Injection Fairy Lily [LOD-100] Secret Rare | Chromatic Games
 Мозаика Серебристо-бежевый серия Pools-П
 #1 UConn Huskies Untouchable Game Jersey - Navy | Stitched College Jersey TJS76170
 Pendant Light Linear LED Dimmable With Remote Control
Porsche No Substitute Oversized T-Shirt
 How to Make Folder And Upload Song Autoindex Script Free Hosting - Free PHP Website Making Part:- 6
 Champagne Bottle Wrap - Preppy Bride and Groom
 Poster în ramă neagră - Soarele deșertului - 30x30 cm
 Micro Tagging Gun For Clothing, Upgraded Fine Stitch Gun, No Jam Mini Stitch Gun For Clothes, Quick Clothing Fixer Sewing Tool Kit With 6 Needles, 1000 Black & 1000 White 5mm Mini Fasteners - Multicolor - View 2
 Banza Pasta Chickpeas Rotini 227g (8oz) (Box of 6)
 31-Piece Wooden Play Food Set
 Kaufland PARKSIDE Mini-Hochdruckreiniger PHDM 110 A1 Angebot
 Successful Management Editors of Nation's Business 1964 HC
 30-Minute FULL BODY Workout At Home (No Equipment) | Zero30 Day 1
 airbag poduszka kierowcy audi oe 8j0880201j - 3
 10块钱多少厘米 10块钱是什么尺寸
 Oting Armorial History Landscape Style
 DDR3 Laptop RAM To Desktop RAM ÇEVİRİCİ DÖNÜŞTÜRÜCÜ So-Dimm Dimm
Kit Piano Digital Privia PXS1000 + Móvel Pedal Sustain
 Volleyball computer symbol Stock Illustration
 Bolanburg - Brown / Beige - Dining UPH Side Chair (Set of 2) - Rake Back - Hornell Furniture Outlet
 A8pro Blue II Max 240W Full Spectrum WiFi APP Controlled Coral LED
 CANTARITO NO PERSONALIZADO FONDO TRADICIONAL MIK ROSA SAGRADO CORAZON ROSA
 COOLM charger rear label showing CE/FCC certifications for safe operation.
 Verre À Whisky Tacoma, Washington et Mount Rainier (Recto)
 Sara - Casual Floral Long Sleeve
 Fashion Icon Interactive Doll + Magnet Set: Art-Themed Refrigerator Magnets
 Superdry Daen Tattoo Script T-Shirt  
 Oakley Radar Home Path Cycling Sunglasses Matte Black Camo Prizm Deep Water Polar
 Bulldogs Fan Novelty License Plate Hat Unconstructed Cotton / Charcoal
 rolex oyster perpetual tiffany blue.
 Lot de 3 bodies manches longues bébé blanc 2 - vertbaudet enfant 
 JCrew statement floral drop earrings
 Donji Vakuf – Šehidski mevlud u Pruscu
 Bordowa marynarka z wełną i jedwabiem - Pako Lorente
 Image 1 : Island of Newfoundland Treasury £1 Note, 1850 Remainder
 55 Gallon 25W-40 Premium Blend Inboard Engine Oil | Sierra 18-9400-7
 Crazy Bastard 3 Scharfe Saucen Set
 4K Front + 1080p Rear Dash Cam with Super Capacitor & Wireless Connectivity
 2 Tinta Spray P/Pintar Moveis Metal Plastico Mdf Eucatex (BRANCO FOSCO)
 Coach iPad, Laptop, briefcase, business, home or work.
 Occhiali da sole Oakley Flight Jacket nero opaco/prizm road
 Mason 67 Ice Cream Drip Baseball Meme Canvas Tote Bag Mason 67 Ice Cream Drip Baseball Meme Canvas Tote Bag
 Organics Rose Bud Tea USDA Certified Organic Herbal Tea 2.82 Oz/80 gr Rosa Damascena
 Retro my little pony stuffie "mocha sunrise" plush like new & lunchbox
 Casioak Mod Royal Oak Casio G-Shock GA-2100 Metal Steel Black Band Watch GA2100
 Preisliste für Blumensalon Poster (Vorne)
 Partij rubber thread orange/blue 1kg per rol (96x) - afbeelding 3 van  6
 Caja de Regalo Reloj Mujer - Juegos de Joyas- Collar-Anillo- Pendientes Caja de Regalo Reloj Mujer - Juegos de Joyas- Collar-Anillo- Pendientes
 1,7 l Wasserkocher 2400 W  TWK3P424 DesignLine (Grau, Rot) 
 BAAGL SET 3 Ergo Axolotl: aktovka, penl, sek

********

● **Problem statement**: Please reproduce every line of the material word for word.

● **Expected output**:
Injection Fairy Lily [LOD-100] Secret Rare | Chromatic Games
 Мозаика Серебристо-бежевый серия Pools-П
 #1 UConn Huskies Untouchable Game Jersey - Navy | Stitched College Jersey TJS76170
 Pendant Light Linear LED Dimmable With Remote Control
Porsche No Substitute Oversized T-Shirt
 How to Make Folder And Upload Song Autoindex Script Free Hosting - Free PHP Website Making Part:- 6
 Champagne Bottle Wrap - Preppy Bride and Groom
 Poster în ramă neagră - Soarele deșertului - 30x30 cm
 Micro Tagging Gun For Clothing, Upgraded Fine Stitch Gun, No Jam Mini Stitch Gun For Clothes, Quick Clothing Fixer Sewing Tool Kit With 6 Needles, 1000 Black & 1000 White 5mm Mini Fasteners - Multicolor - View 2
 Banza Pasta Chickpeas Rotini 227g (8oz) (Box of 6)
 31-Piece Wooden Play Food Set
 Kaufland PARKSIDE Mini-Hochdruckreiniger PHDM 110 A1 Angebot
 Successful Management Editors of Nation's Business 1964 HC
 30-Minute FULL BODY Workout At Home (No Equipment) | Zero30 Day 1
 airbag poduszka kierowcy audi oe 8j0880201j - 3
 10块钱多少厘米 10块钱是什么尺寸
 Oting Armorial History Landscape Style
 DDR3 Laptop RAM To Desktop RAM ÇEVİRİCİ DÖNÜŞTÜRÜCÜ So-Dimm Dimm
Kit Piano Digital Privia PXS1000 + Móvel Pedal Sustain
 Volleyball computer symbol Stock Illustration
 Bolanburg - Brown / Beige - Dining UPH Side Chair (Set of 2) - Rake Back - Hornell Furniture Outlet
 A8pro Blue II Max 240W Full Spectrum WiFi APP Controlled Coral LED
 CANTARITO NO PERSONALIZADO FONDO TRADICIONAL MIK ROSA SAGRADO CORAZON ROSA
 COOLM charger rear label showing CE/FCC certifications for safe operation.
 Verre À Whisky Tacoma, Washington et Mount Rainier (Recto)
 Sara - Casual Floral Long Sleeve
 Fashion Icon Interactive Doll + Magnet Set: Art-Themed Refrigerator Magnets
 Superdry Daen Tattoo Script T-Shirt  
 Oakley Radar Home Path Cycling Sunglasses Matte Black Camo Prizm Deep Water Polar
 Bulldogs Fan Novelty License Plate Hat Unconstructed Cotton / Charcoal
 rolex oyster perpetual tiffany blue.
 Lot de 3 bodies manches longues bébé blanc 2 - vertbaudet enfant 
 JCrew statement floral drop earrings
 Donji Vakuf – Šehidski mevlud u Pruscu
 Bordowa marynarka z wełną i jedwabiem - Pako Lorente
 Image 1 : Island of Newfoundland Treasury £1 Note, 1850 Remainder
 55 Gallon 25W-40 Premium Blend Inboard Engine Oil | Sierra 18-9400-7
 Crazy Bastard 3 Scharfe Saucen Set
 4K Front + 1080p Rear Dash Cam with Super Capacitor & Wireless Connectivity
 2 Tinta Spray P/Pintar Moveis Metal Plastico Mdf Eucatex (BRANCO FOSCO)
 Coach iPad, Laptop, briefcase, business, home or work.
 Occhiali da sole Oakley Flight Jacket nero opaco/prizm road
 Mason 67 Ice Cream Drip Baseball Meme Canvas Tote Bag Mason 67 Ice Cream Drip Baseball Meme Canvas Tote Bag
 Organics Rose Bud Tea USDA Certified Organic Herbal Tea 2.82 Oz/80 gr Rosa Damascena
 Retro my little pony stuffie "mocha sunrise" plush like new & lunchbox
 Casioak Mod Royal Oak Casio G-Shock GA-2100 Metal Steel Black Band Watch GA2100
 Preisliste für Blumensalon Poster (Vorne)
 Partij rubber thread orange/blue 1kg per rol (96x) - afbeelding 3 van  6
 Caja de Regalo Reloj Mujer - Juegos de Joyas- Collar-Anillo- Pendientes Caja de Regalo Reloj Mujer - Juegos de Joyas- Collar-Anillo- Pendientes
 1,7 l Wasserkocher 2400 W  TWK3P424 DesignLine (Grau, Rot) 
 BAAGL SET 3 Ergo Axolotl: aktovka, penl, sek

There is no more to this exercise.